[Captioned web image data]
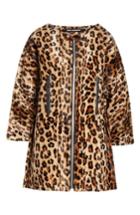 Women's Junya Watanabe Leopard Print Faux Fur Coat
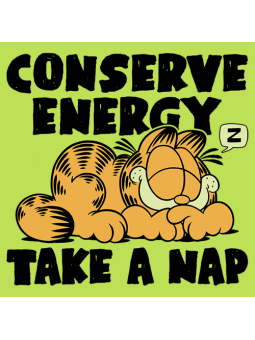 Conserve Energy - Garfield Official Kids T-shirt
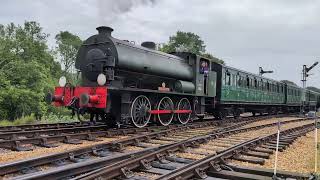 198 Royal Engineer  Hunslet Austerity  Havenstreet Station  IOW Steam Railway  7th Sept 2024 [upl. by Ittam]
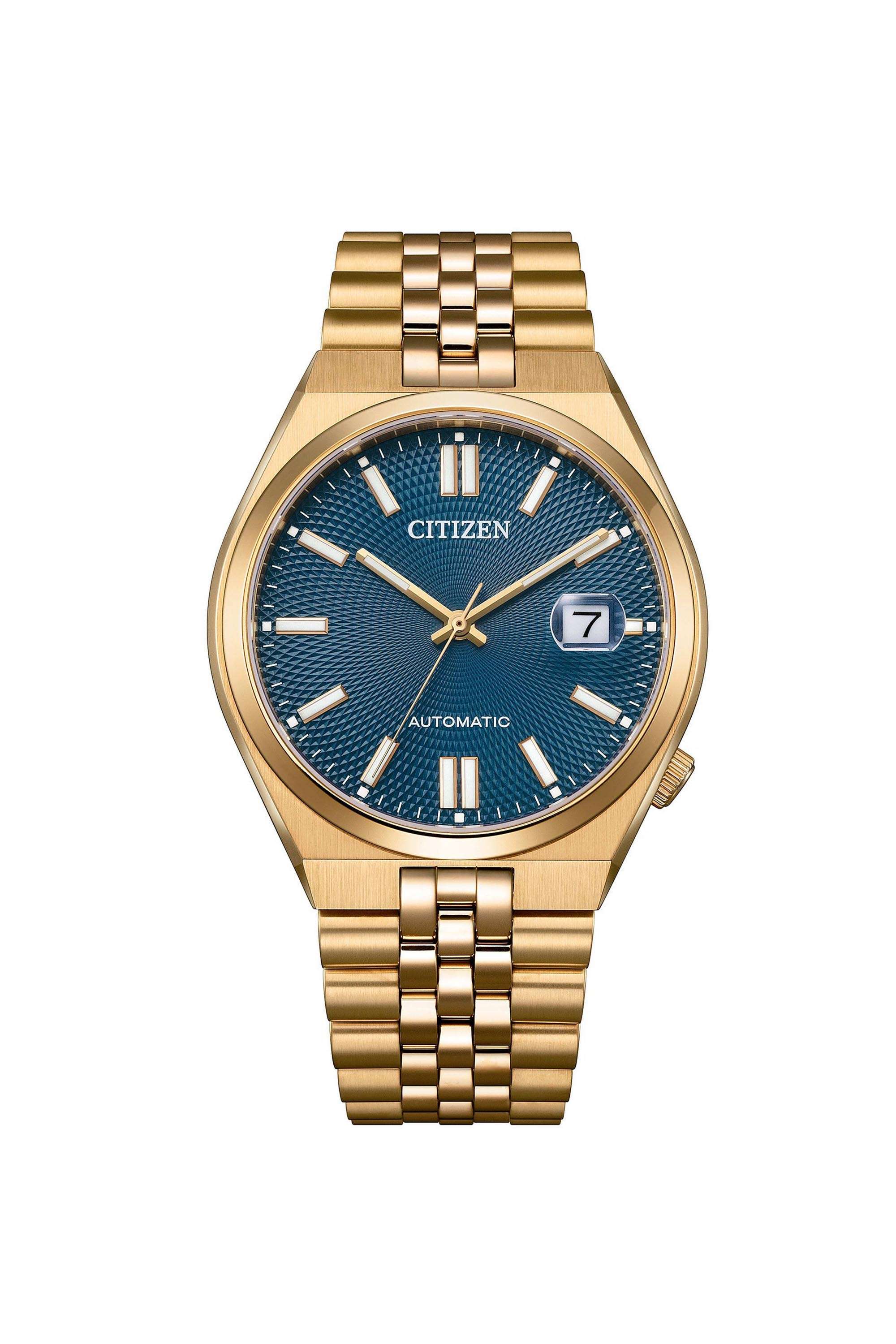 TSUYOSA-60-Blue-Dial-Stainless-Steel-Analogue-Watch-For-Men---NK0023-57L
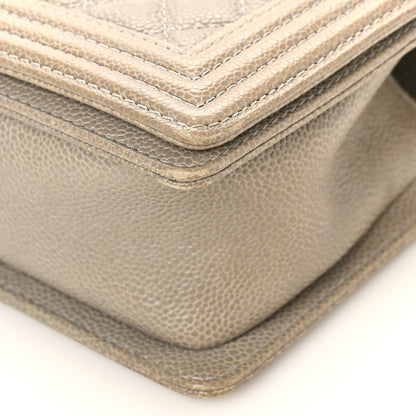 Chanel Caviar Quilted Medium Boy Flap Grey 9 of 10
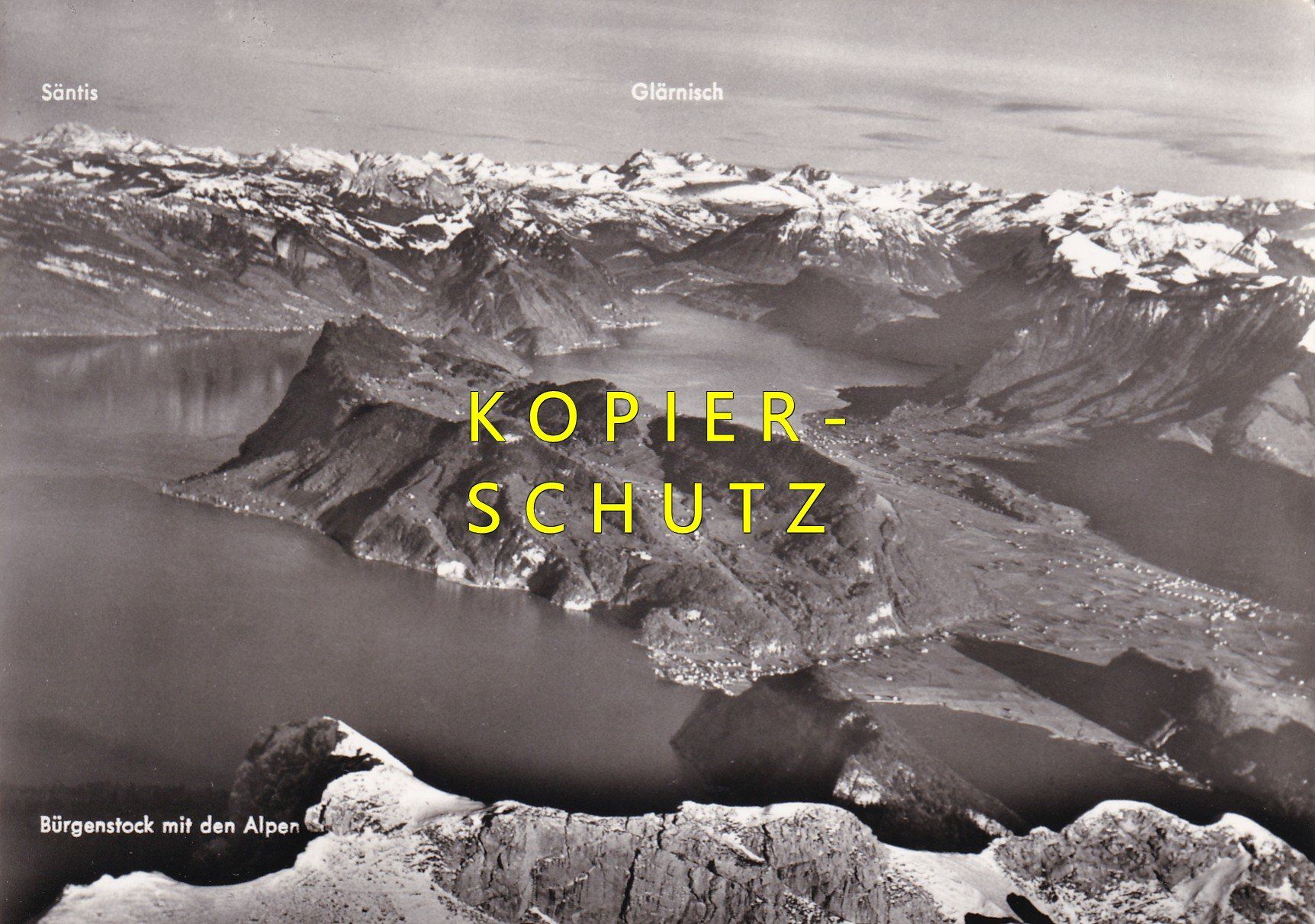 Cartoline postali: Bürgenstock mit den Alpen /bo – Usato da Hombrechtikon venduto da Rudolf07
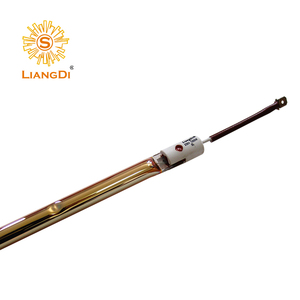 Sưởi ấm Hồng ngoại sử dụng đèn <span class=keywords><strong>Halogen</strong></span> 220V 1000W ống thủy tinh thạch anh hộp màu trắng duy nhất máy vật nuôi điều khiển từ xa - Product Image 3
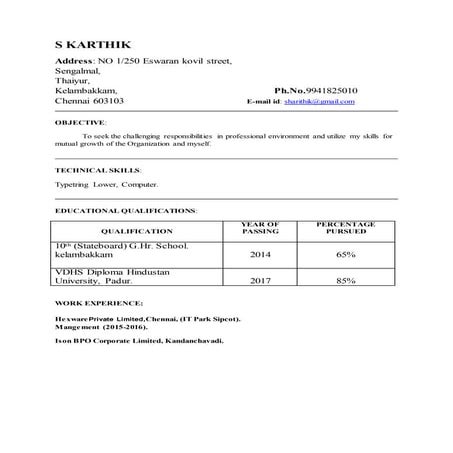 Karthik resume | PDF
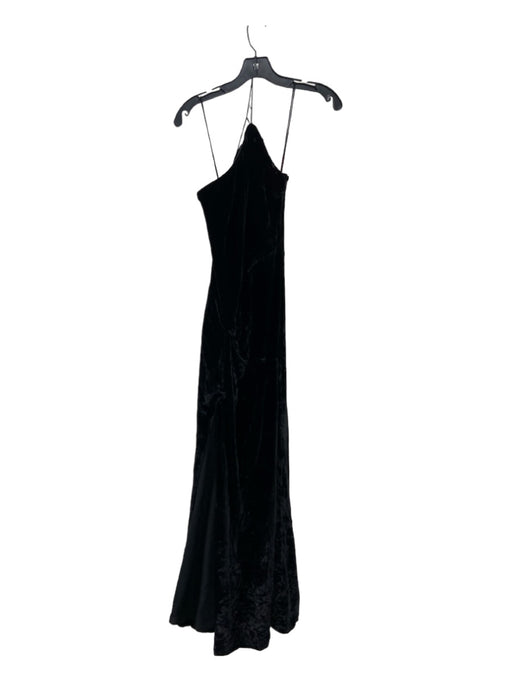 5a7 Cinq a Sept Size 2 Black Missing Fabric Velvet Slit Velvet Zip Dress Black / 2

What to produce: Please output every entry exactly as written, apart from the pictures.

Result:
 Women's Junya Watanabe Leopard Print Faux Fur Coat
 Conserve Energy - Garfield Official Kids T-shirt
 198 Royal Engineer  Hunslet Austerity  Havenstreet Station  IOW Steam Railway  7th Sept 2024 [upl. by Ittam]
 TSUYOSA-60-Blue-Dial-Stainless-Steel-Analogue-Watch-For-Men---NK0023-57L
 Chanel Caviar Quilted Medium Boy Flap Grey 9 of 10
 Cartoline postali: Bürgenstock mit den Alpen /bo – Usato da Hombrechtikon venduto da Rudolf07
 Sưởi ấm Hồng ngoại sử dụng đèn <span class=keywords><strong>Halogen</strong></span> 220V 1000W ống thủy tinh thạch anh hộp màu trắng duy nhất máy vật nuôi điều khiển từ xa - Product Image 3
 Karthik resume | PDF
 5a7 Cinq a Sept Size 2 Black Missing Fabric Velvet Slit Velvet Zip Dress Black / 2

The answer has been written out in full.